No hubo Halconazo en San Justo -disculpen, vuelvo a mí-, pero sí hubo al igual que en la historia de Cuarón violencia y crímenes políticos en mi barrio, como el asesinato de un ex ministro del Interior en un restaurante que nos sumió a los vecinos en la perplejidad y el pánico. Vivíamos nuestra infancia y adolescencia en medio de las balas y las ejecuciones en plena calle o en terrenos baldíos: nos educábamos, crecíamos, amábamos y leíamos mientras al otro lado de la puerta la violencia nos llevaba puestos. Quiero ser franca: no lo pensaba así entonces, cuando mi mayor preocupación era qué me iba a poner para el cumpleaños de alguna compañera o cómo iba a responderle alguna maldad a otra, mientras Claudia, o Marta, o Lidia me ayudaban a pensar argumentos, al tiempo que hacían las camas, preparaban las milanesas o baldeaban el patio. Mirar el pasado con ojos mayores cambia la perspectiva. En el medio, y hace tiempo, hubo un fin de la inocencia para todos.
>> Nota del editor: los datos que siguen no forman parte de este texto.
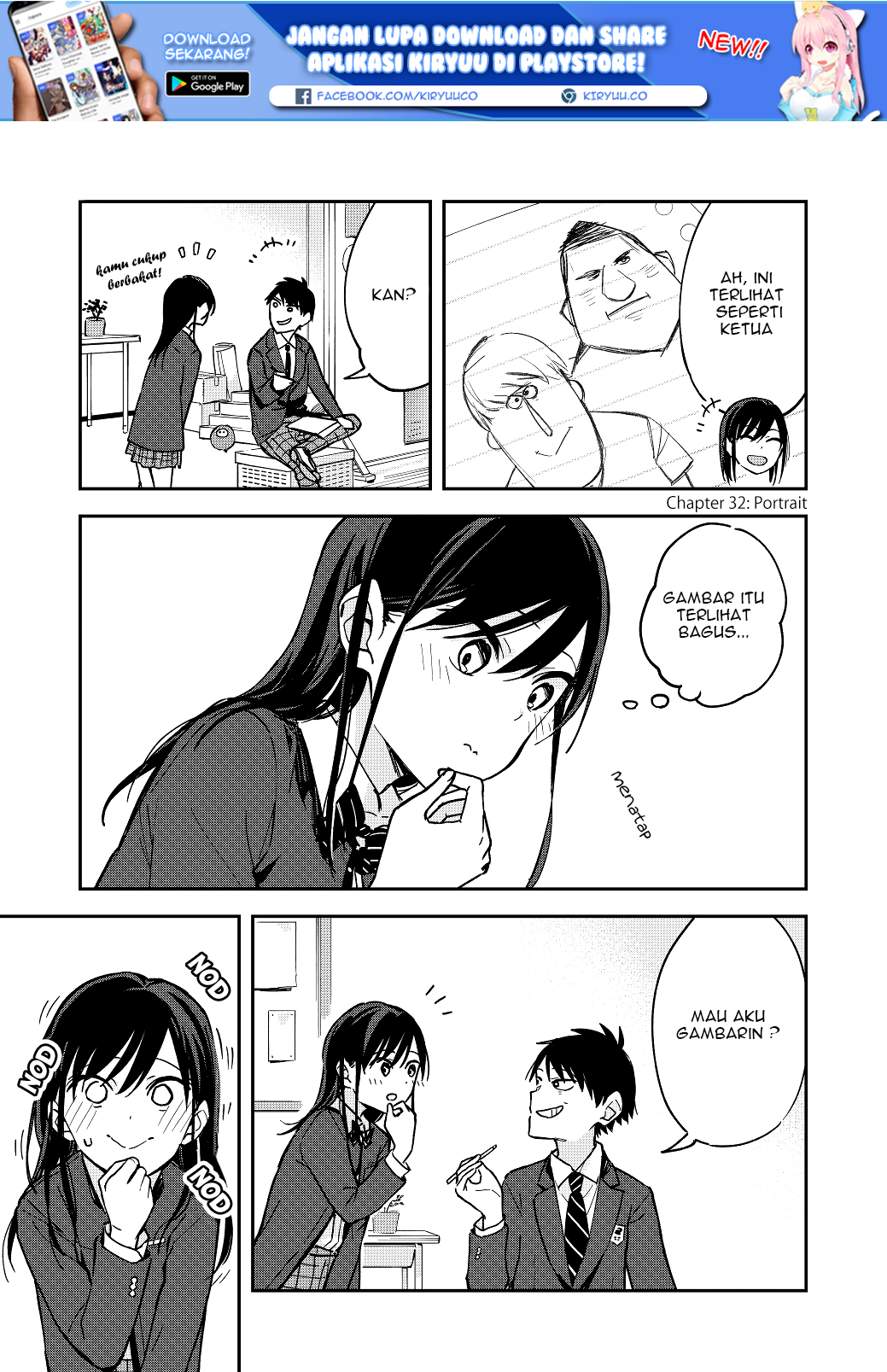 Pseudo Harem Chapter 32 - halaman 3
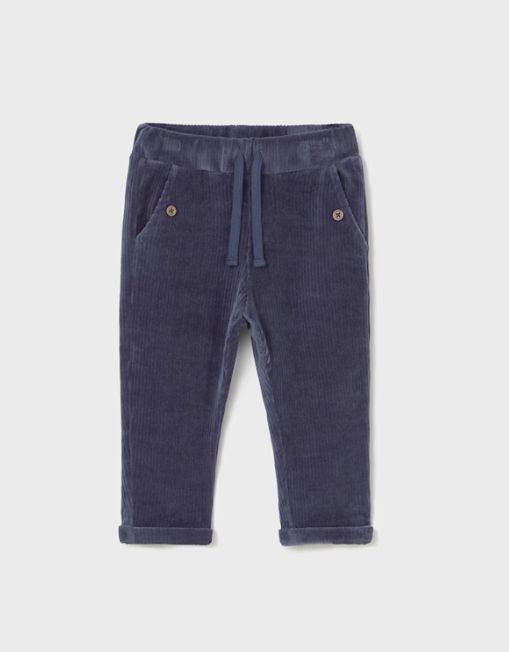 Mayoral Infant Boy Knit Pants- Blue Whale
Roma es una película hermosa de toda hermosura, con un blanco y negro que remite a la memoria de algunas generaciones y también a algunos clásicos del cine anteriores a nuestra época que muchos veíamos fascinados por televisión y, más tarde, ya adolescentes, en los ciclos de cine de algunas cinematecas.
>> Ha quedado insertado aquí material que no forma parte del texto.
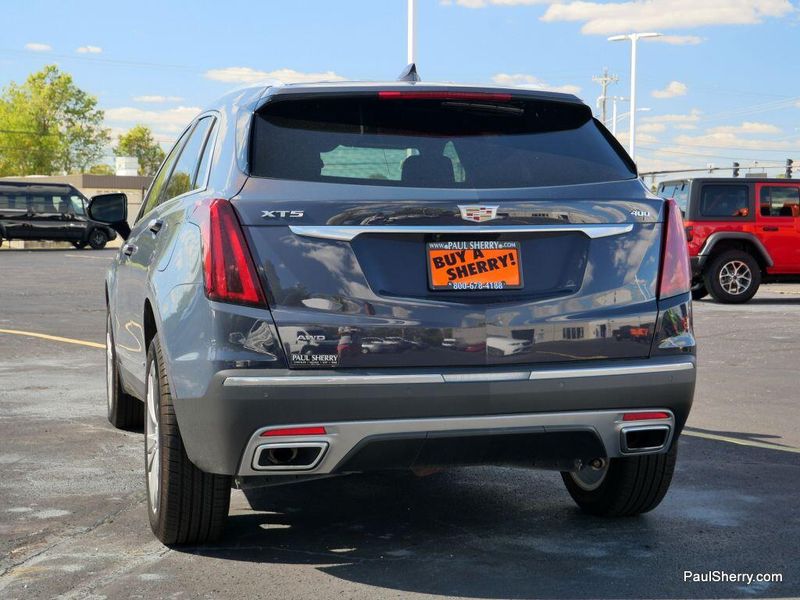 Used 2025 Cadillac XT5 Premium Luxury AWD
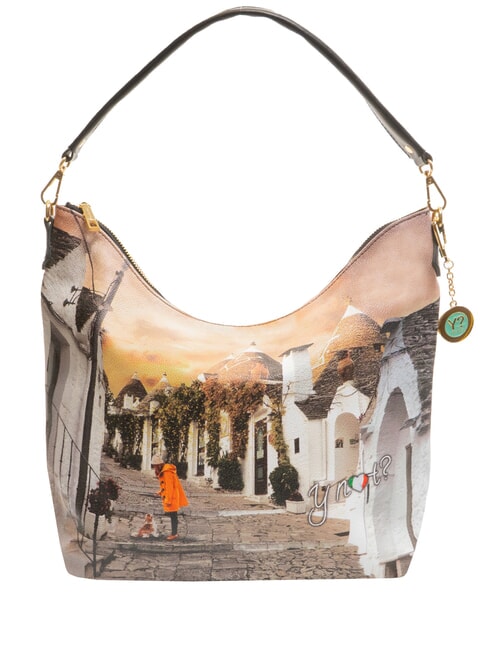 YNOT YESBAG Shoulder Hobo Bag life in trulli - Women’s Bags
Roma es una casa de barrio acomodado con un garage en el que el perro hacía caca y el auto enorme entraba con fórceps. Un garage en donde mamá y los chicos salían cada noche a recibir al hombre de la casa, a quien esperaban con ansiedad para que contara cómo era la vida ahí afuera mientras la mesa esperaba ya servida y, sobre alguna hornalla, una cacerola echaba el humo delicioso de alguna comida casera. Roma es sobre todo una nostalgia perfumada, una memoria en sordina y una herida abierta que hace muchos años se disfraza de cicatriz para permitirnos seguir vivos.